De cette unité géographique, on pourrait conclure à la nécessité d’une unité politique et administrative. Pourquoi donc devrait-il y avoir dans ce même espace trois collectivités distinctes, alors qu’une seule suffirait amplement ? La réponse est d’abord dans l’histoire, dans le développement de l’urbanisme au fil du temps qui a soudé ce qui autrefois était séparé par des champs. L’extinction de la ruralité et l’émergence de l’urbanité sont les phénomènes marquants des 50 dernières années, ici, aussi bien qu’ailleurs.

Dans ce contexte la question politique se pose de savoir s’il faut poursuivre avec le schéma hérité du passé ou bien tirer les conclusions qui s’imposent éventuellement à l’examen de la réalité.

On peut hésiter, car il y a non seulement des pesanteurs, mais aussi un intérêt au maintien des communes.

L’argument généralement mis en avant pour opérer les fusions est celui de la rationalisation des moyens. C’est un argument intéressant, mais essentiellement bureaucratique, et qui présuppose que la concentration des moyens serait toujours source d’économie. La résistance ne serait dans cette perspective qu’une nostalgie inutile.

Il faut pourtant hésiter devant cette logique qui oublie aussi que plus on concentre les moyens, plus on centralise, et moins on obtient de productivité. Car c’est un mythe de penser que les grandes organisations bureaucratiques sont plus performantes que la juxtaposition de petites structures. Il y a dans tout système du «bruit», c’est-à-dire une perte d’efficacité. L’exemple a souvent été donné dans les grandes organisations des services de photocopies. Sur le papier la concentration de toute la production des photocopies dans un seul service est toujours pensée plus productive que l’éparpillement des services dans chacune des divisions. Et dans la réalité le modèle ne fonctionne pas et le grand service concentré est moins productif que les petites unités séparées.
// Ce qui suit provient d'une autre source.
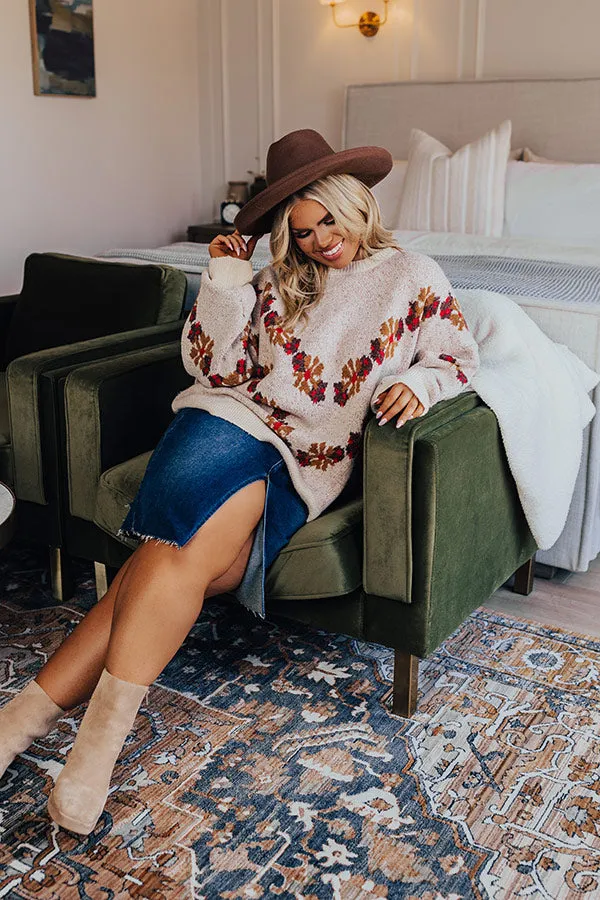 Northern Chill Sweater Curves sold by Impressions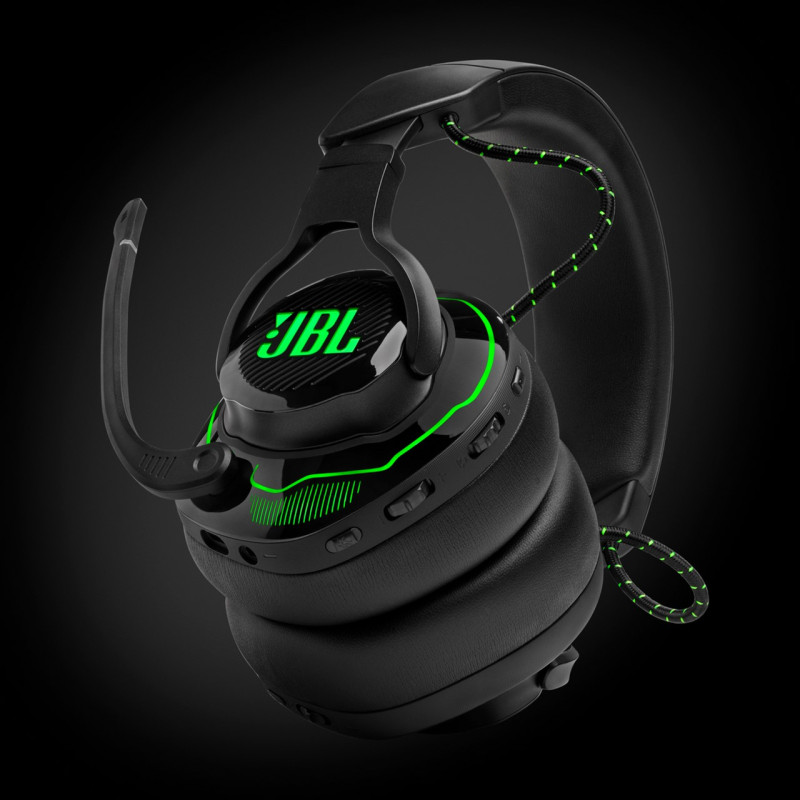 Комп'ютерна гарнітура JBL Quantum 910X Wireless for XBOX (JBLQ910XWLBLKGRN)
Comparaison n’est jamais raison, mais il est assez clair que la fusion des communes n’aboutira pas nécessairement à des économies d’échelle en terme de fonctionnement des services. À tout le moins, cela reste à démontrer.

La vraie rationalité de la fusion des communes est avant tout d’ordre politique. L’enjeu est au fond de permettre l’identification d’un espace. Dans le cas d’un continuum urbain, un seul nom, une seule commune peuvent parfaitement se défendre. Mais cela reste discutable. En tout cas cela doit passer nécessairement par le consentement des citoyens intéressés.

(Je vote contre ! – pour l’instant, mais je peux changer).